**RECORDS SHOWN**
= = = = =

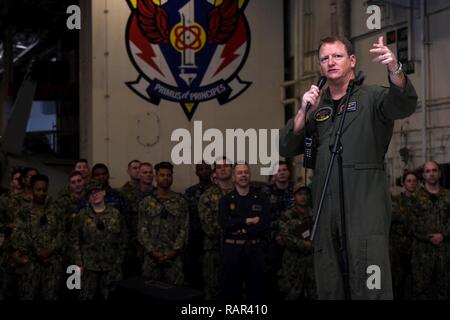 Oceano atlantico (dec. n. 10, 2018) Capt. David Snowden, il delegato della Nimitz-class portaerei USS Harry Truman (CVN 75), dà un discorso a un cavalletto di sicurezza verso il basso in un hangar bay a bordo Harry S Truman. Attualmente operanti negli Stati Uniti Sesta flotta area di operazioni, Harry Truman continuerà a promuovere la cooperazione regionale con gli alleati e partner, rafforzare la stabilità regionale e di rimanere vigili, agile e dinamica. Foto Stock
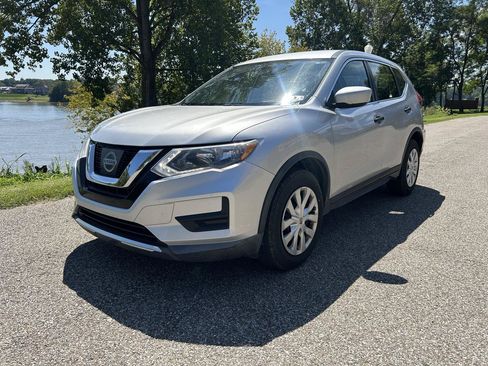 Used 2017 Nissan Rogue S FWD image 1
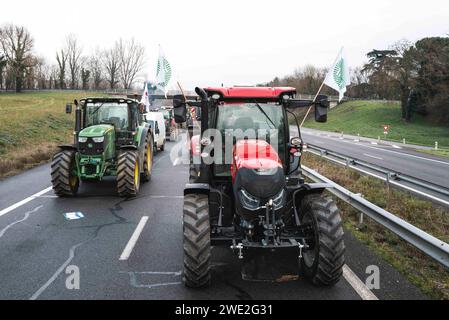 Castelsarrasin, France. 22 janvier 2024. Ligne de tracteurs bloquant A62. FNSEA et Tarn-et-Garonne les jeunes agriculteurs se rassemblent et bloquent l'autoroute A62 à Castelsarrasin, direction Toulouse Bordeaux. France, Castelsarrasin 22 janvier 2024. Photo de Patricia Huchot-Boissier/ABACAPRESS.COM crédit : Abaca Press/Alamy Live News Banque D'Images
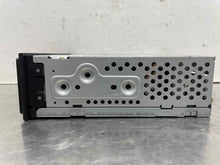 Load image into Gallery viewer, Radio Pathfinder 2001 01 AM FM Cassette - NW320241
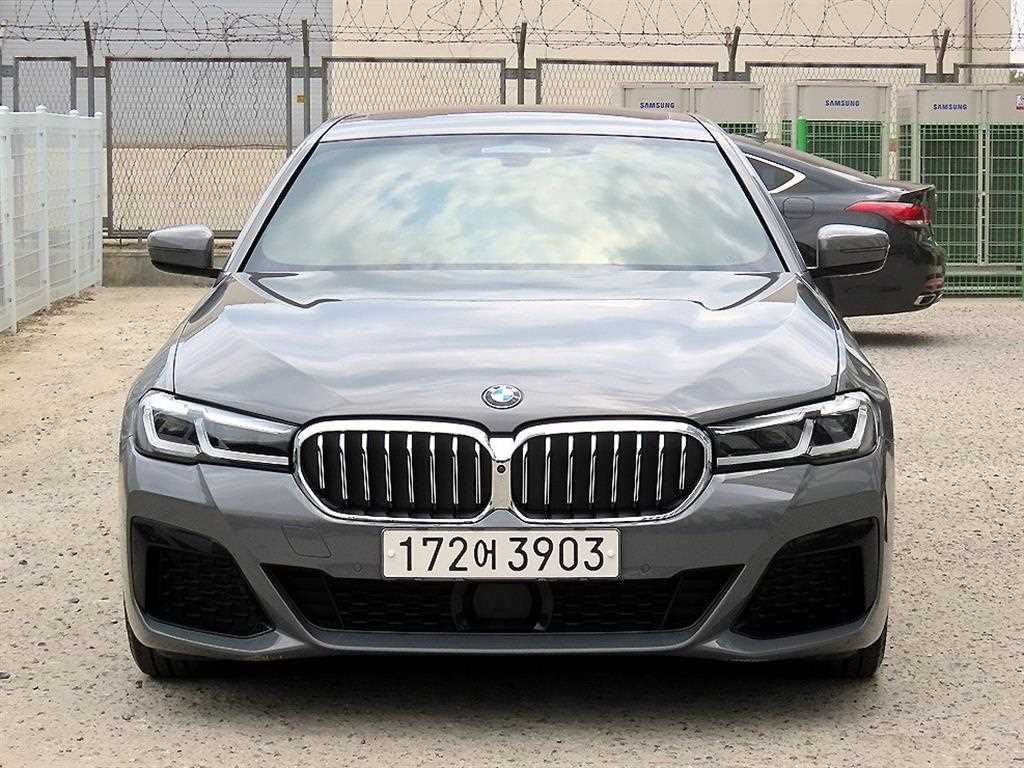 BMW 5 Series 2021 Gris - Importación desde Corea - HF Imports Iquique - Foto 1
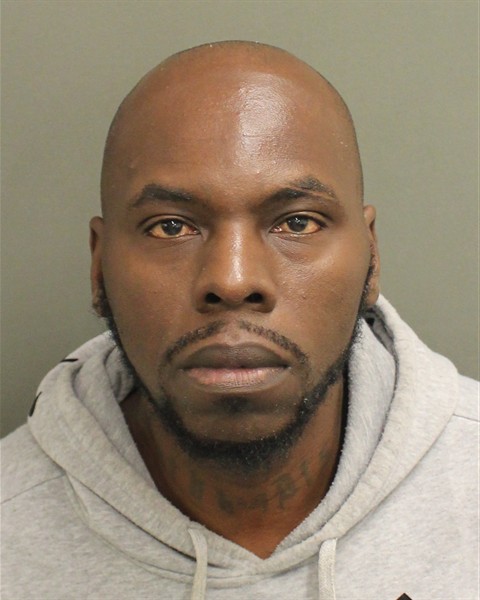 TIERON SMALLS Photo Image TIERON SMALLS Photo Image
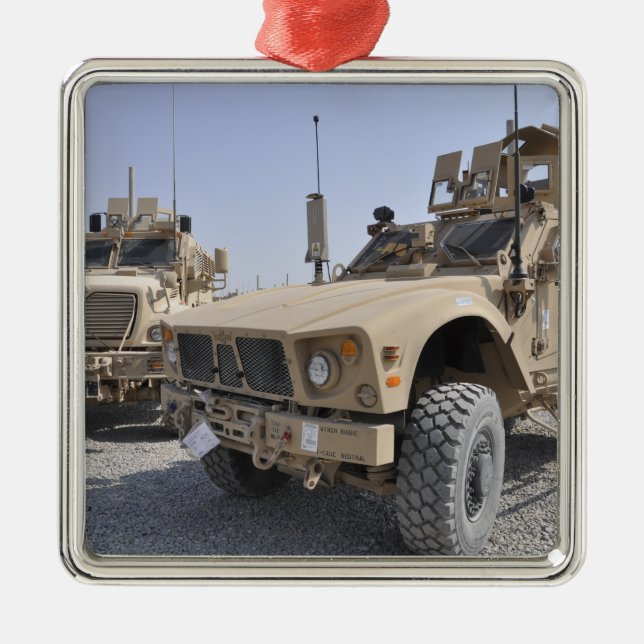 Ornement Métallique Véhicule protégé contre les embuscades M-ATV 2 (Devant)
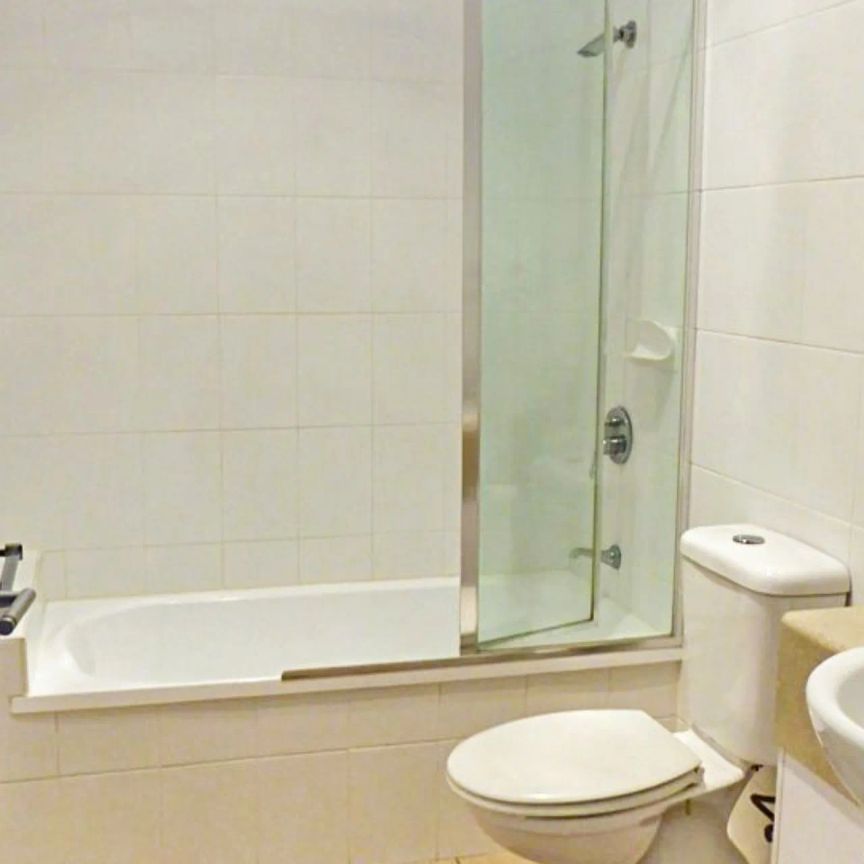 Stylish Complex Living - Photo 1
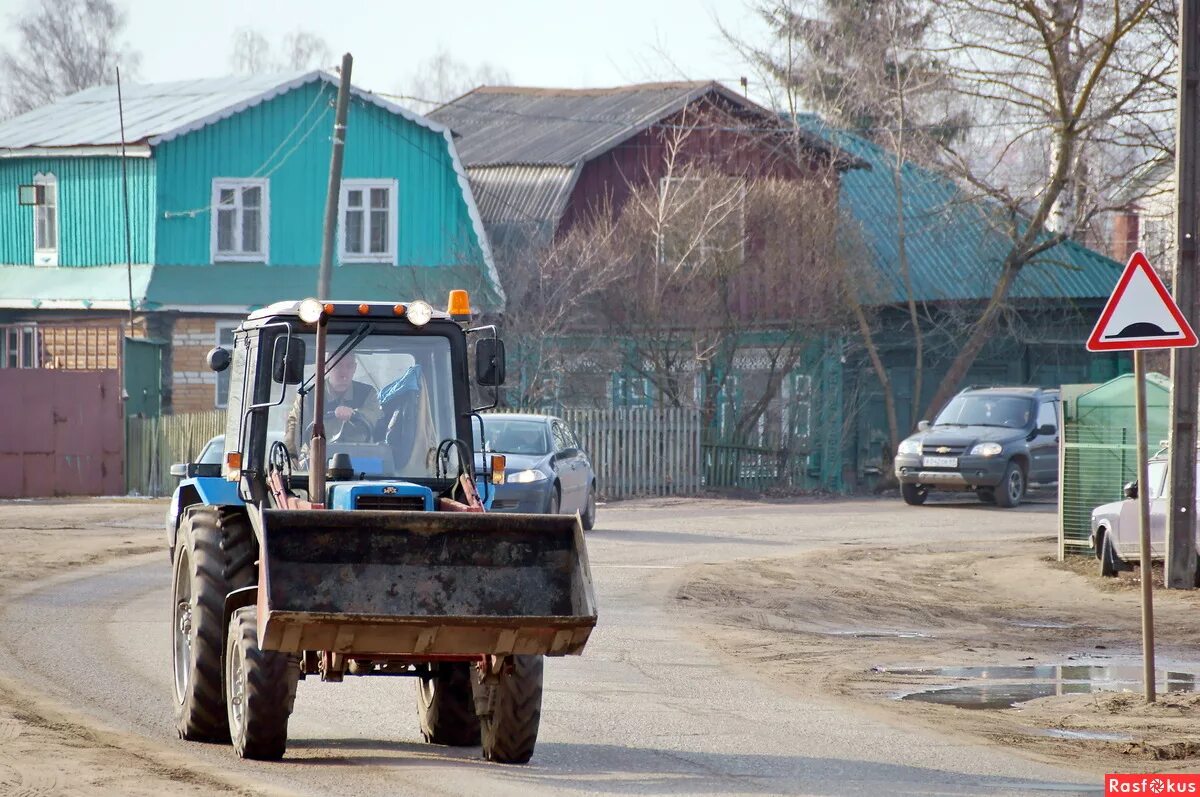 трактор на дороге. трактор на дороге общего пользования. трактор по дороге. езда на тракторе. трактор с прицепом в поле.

= = = = =

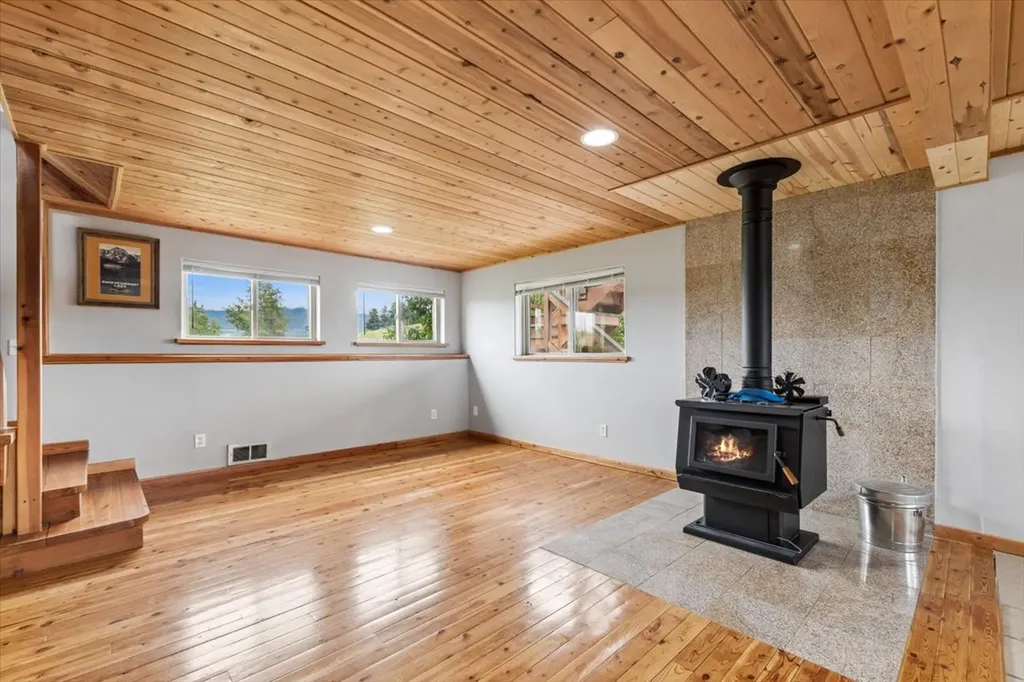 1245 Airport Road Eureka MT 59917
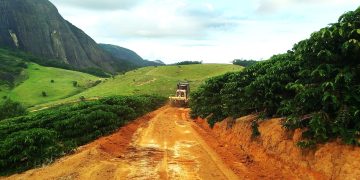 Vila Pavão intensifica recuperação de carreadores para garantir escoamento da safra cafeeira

= = = = =

**EXERCISE**
Respond with the exact lines above running from the one containing "1245 Airport Road Eureka MT 59917" to the one containing "Vila Pavão intensifica", both ends kept and no pictures included.

**EXERCISE RESULT**
 1245 Airport Road Eureka MT 59917
 Vila Pavão intensifica recuperação de carreadores para garantir escoamento da safra cafeeira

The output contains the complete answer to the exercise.